TASK STATEMENT ->
Beginning with the line containing "Pyjama Met Voetjes", write out each line exactly through the end of the listing, and skip all pictures.

═════ DATA

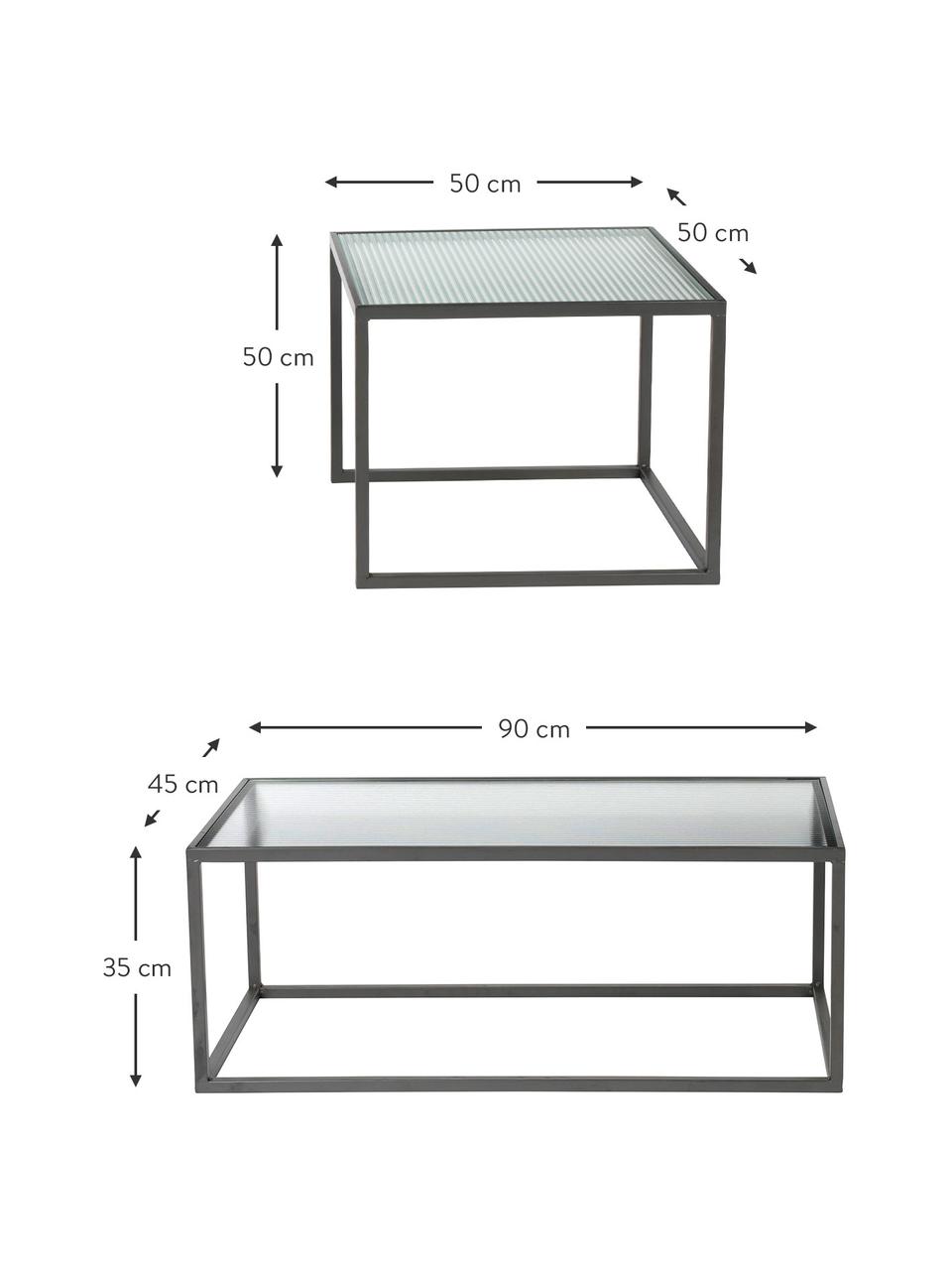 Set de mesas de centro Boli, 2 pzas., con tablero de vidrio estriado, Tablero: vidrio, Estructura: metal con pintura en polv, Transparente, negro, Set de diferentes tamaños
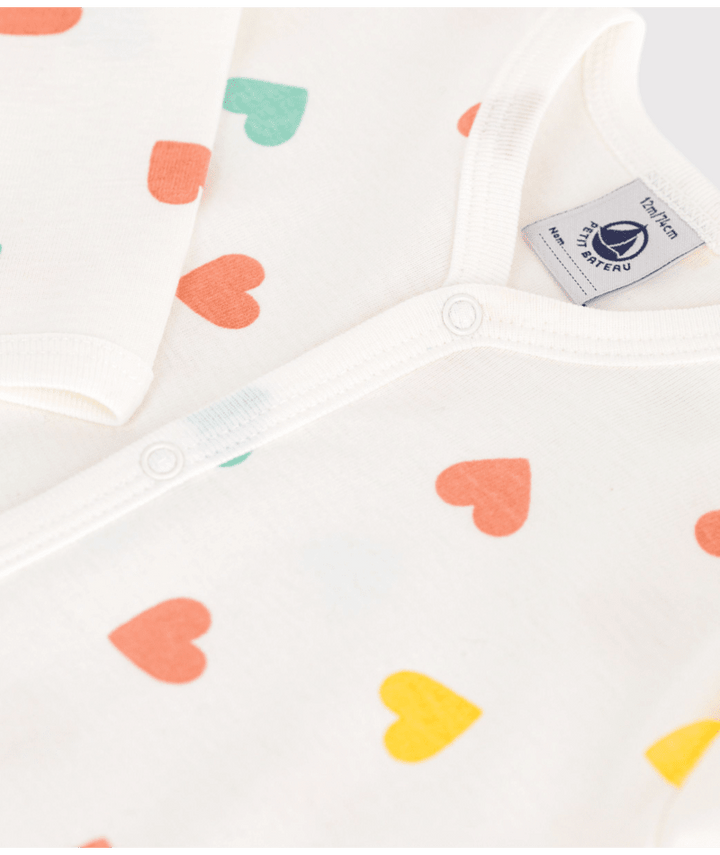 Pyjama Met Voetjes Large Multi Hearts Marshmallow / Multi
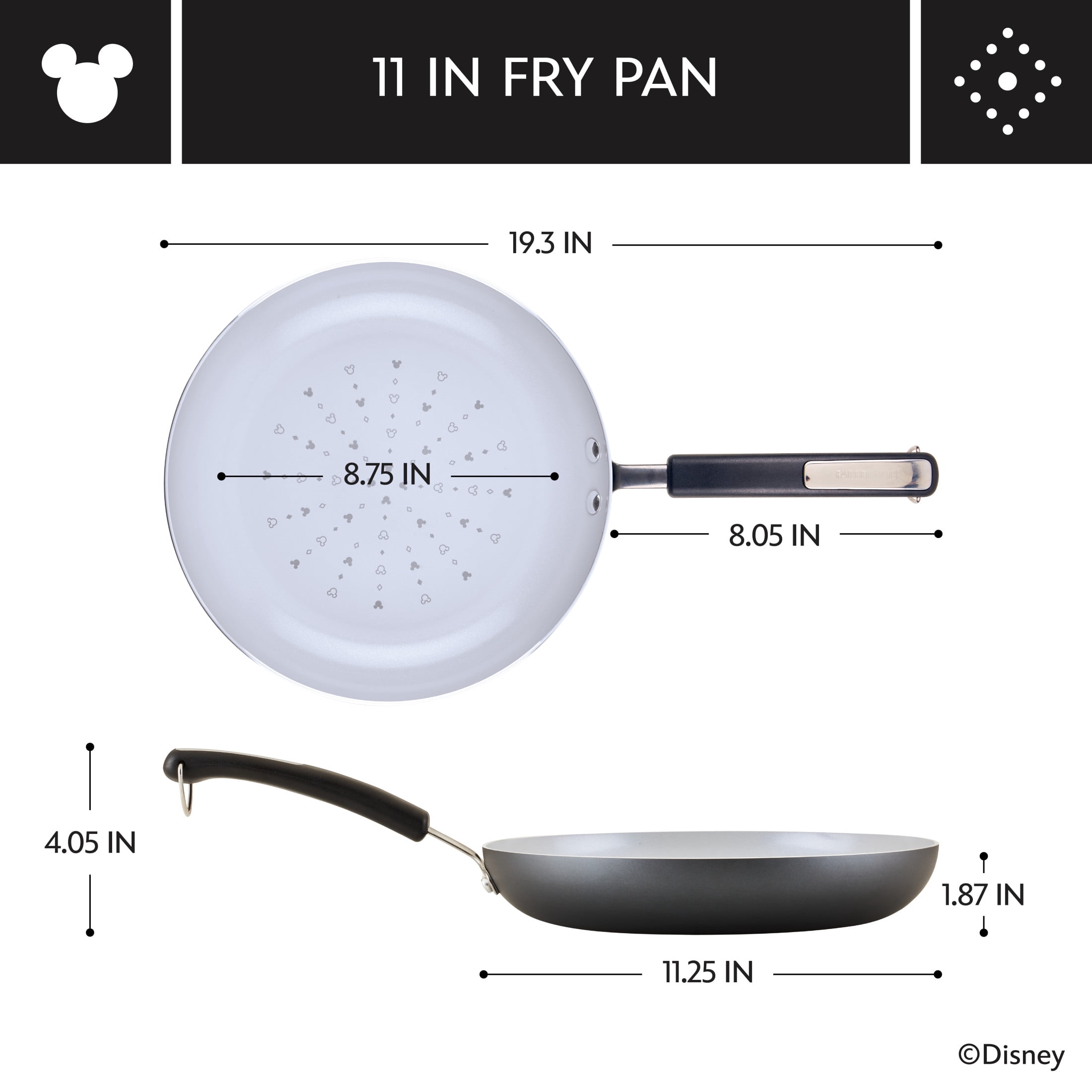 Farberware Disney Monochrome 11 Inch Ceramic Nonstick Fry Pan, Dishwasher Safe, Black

══════════

EXPECTED ANSWER ->
 Pyjama Met Voetjes Large Multi Hearts Marshmallow / Multi
 Farberware Disney Monochrome 11 Inch Ceramic Nonstick Fry Pan, Dishwasher Safe, Black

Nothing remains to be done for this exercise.